By Junrell, Parent Herald February 24, 04:20 am

Public Broadcasting Service (PBS) has announced on Tuesday, Feb. 23 that the nonprofit is set to launch a new 24-hour channel exclusive for children. The new channel will be available later this year.

New York Times reported that PBS, an American public broadcaster and television program distributor, is creating a new 24-hour subchannel intended solely for kids' programming. The subchannel, which will be called PBS Kids, will be free and accessible online with a live stream.

The forthcoming channel, which is expected to debut in fall, will be used to air PBS's popular children's shows such as Wild Kratts, Dinosaur Train, Odd Squad and Daniel Tiger's Neighborhood. On the other hand, it will also be available on the PBS Kids website and app along with its educational game features.
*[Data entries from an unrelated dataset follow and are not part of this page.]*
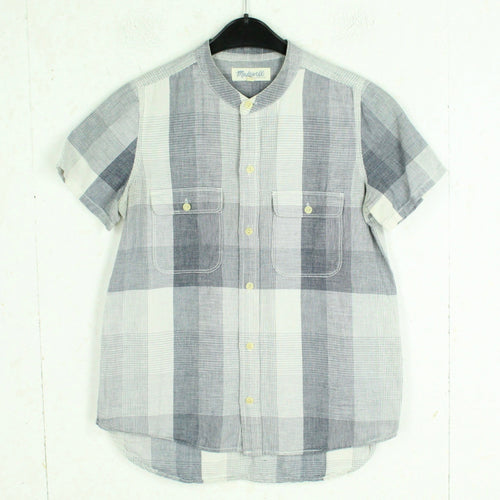 Second Hand MADEWELL Bluse mit Leinen Gr. XS weiß blau kariert (*)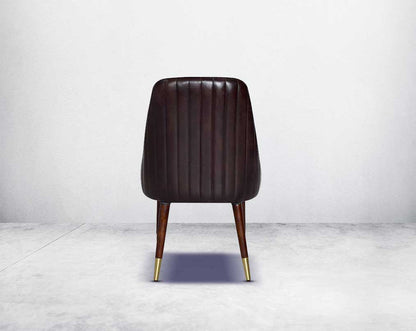 This rich contemporary dining chair in genuine leather makes for a luxurious dining experience back view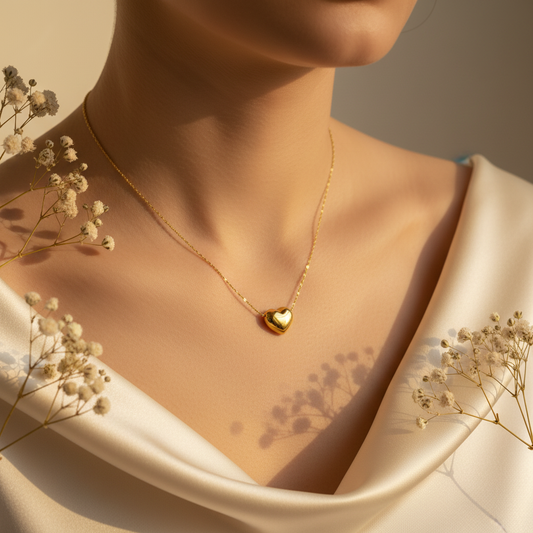 3D Heart Gold Pendant worn on neck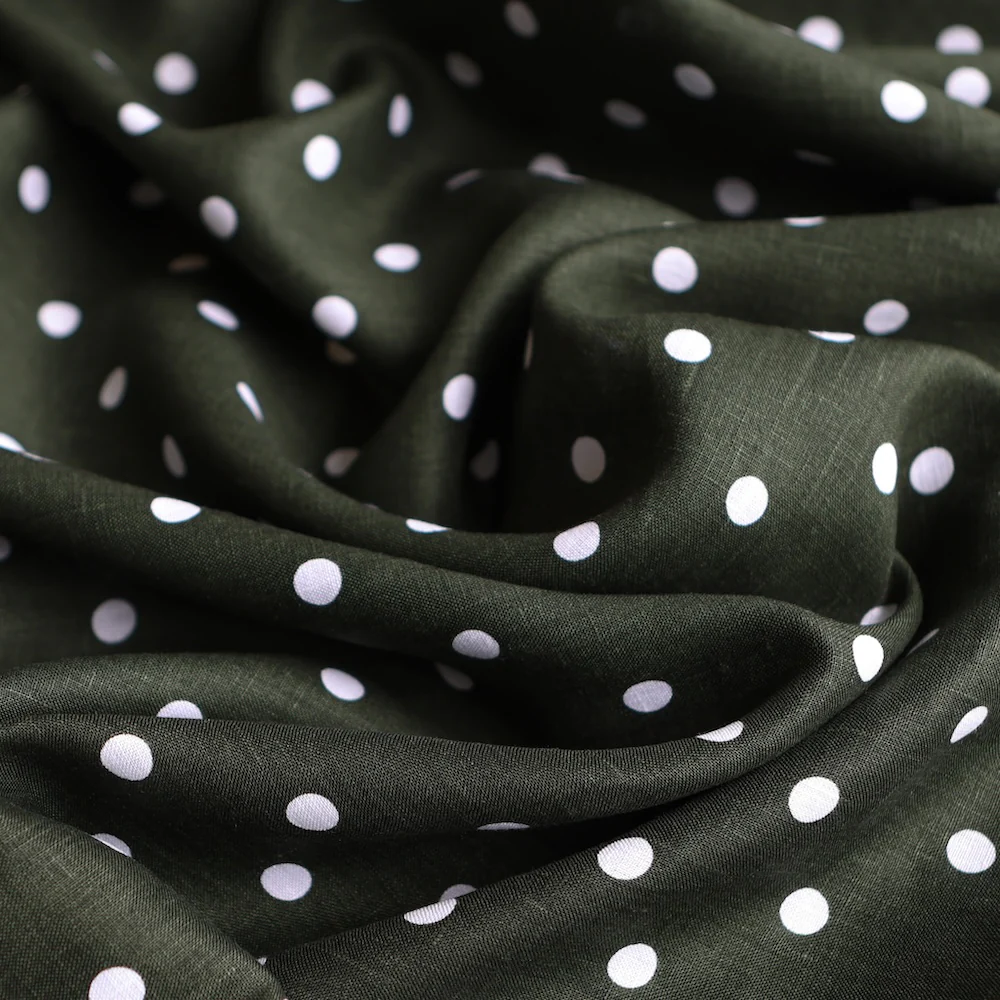 Lola Olive Spot - Printed Linen - Image 2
Paula Kerger, the chief executive of PBS, clarified that the new channel was not created as a fundraising effort; instead, it will stand out from other children's programming because it is free with an emphasis on educational content.
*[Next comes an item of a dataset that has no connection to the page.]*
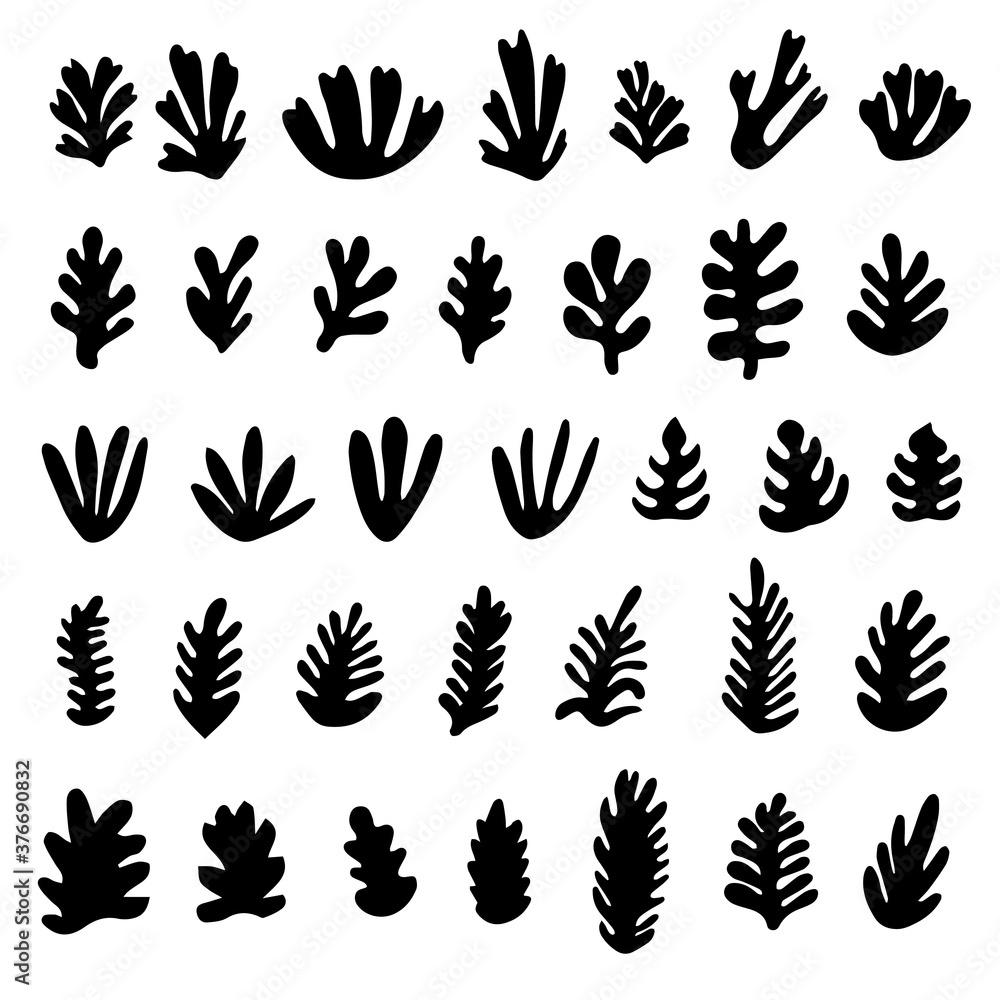 Contemporary art. Trendy doodle nature shapes and leaves collection in black color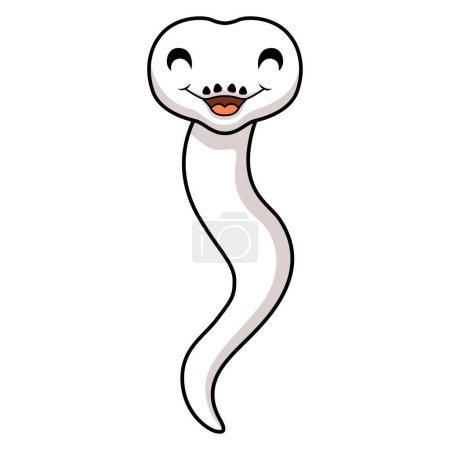 Illustration for Vector illustration of Cute white leucistic ball python snake cartoon - Royalty Free Image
Kerger explained that the idea of creating PBS Kids came after they discovered that there are children who are watching PBS programs all day. "There are a lot of children, particularly that are home in early prime time, we aren't able to accommodate them except for on-demand. Given the fact that there are so many kids where on-demand is not an option, we want to be able to reach those kids."

The recent move of PBS is an addition to various children's programs that have been made available lately. Netflix and Amazon have been offering more children's programs in the past months. HBO has also started broadcasting the latest season of "Sesame Street" last month and it will be launching more children's shows in the coming months.

According to CNN, this is not the first time that PBS will offer a kids' channel. PBS Kids was already available in early 2000s but it was not widely distributed. It was repackaged as "Sprout" after partnering with Comcast, but went off-air in 2013.